* Task instructions: Go through the entries below and print, exactly, the lines starting at the one with "Bi-Office Filztafel AYDA, 900 x 600 mm, blau" and ending at the one with "KIRKWOOD CARPENTRY logo design", keeping both ends and no others.

* Stored data:
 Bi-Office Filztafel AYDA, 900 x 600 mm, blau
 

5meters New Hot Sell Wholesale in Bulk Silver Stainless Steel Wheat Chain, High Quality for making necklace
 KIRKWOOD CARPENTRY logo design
==
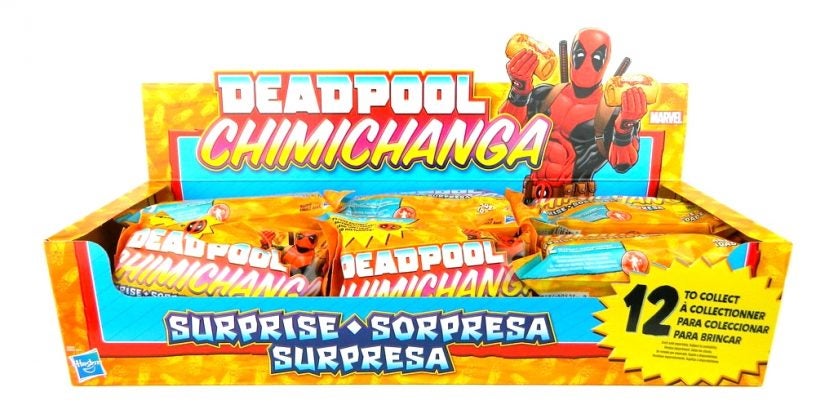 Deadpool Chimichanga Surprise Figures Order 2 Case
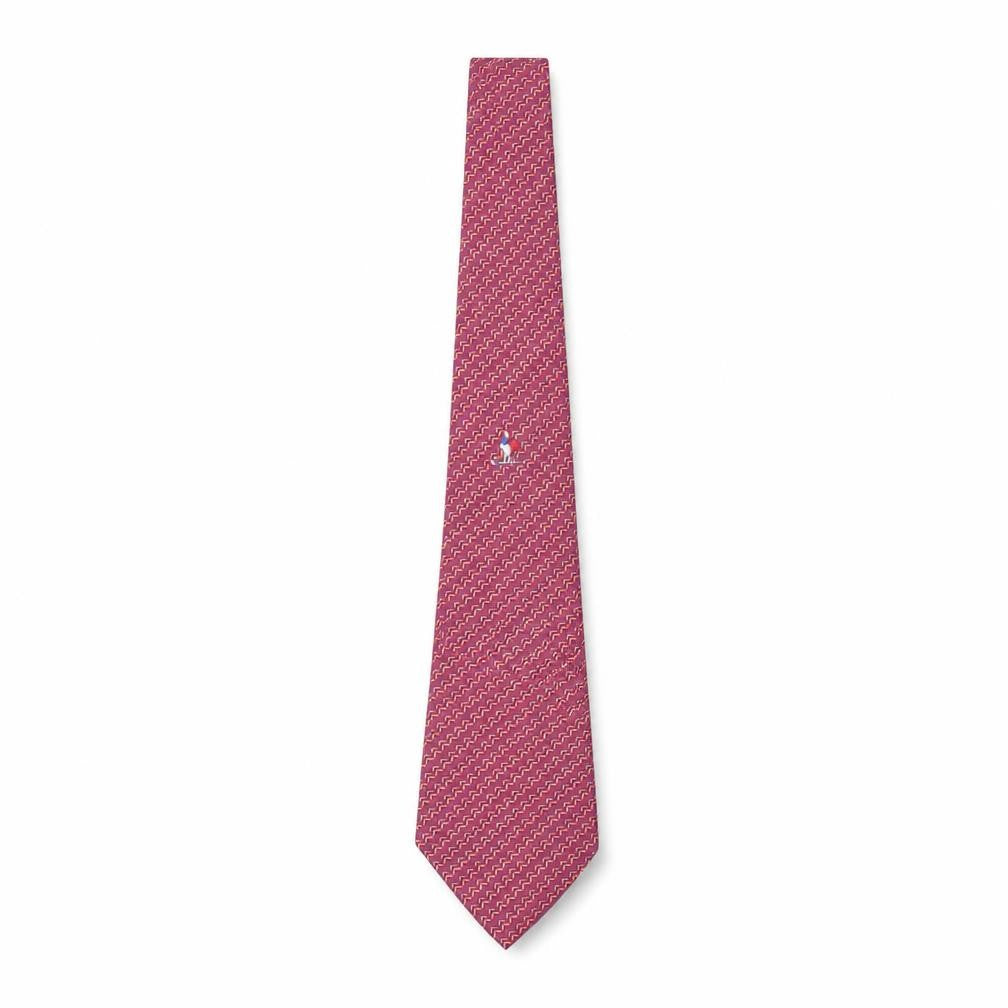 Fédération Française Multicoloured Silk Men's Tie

* Your solution:
 Bi-Office Filztafel AYDA, 900 x 600 mm, blau
 

5meters New Hot Sell Wholesale in Bulk Silver Stainless Steel Wheat Chain, High Quality for making necklace
 KIRKWOOD CARPENTRY logo design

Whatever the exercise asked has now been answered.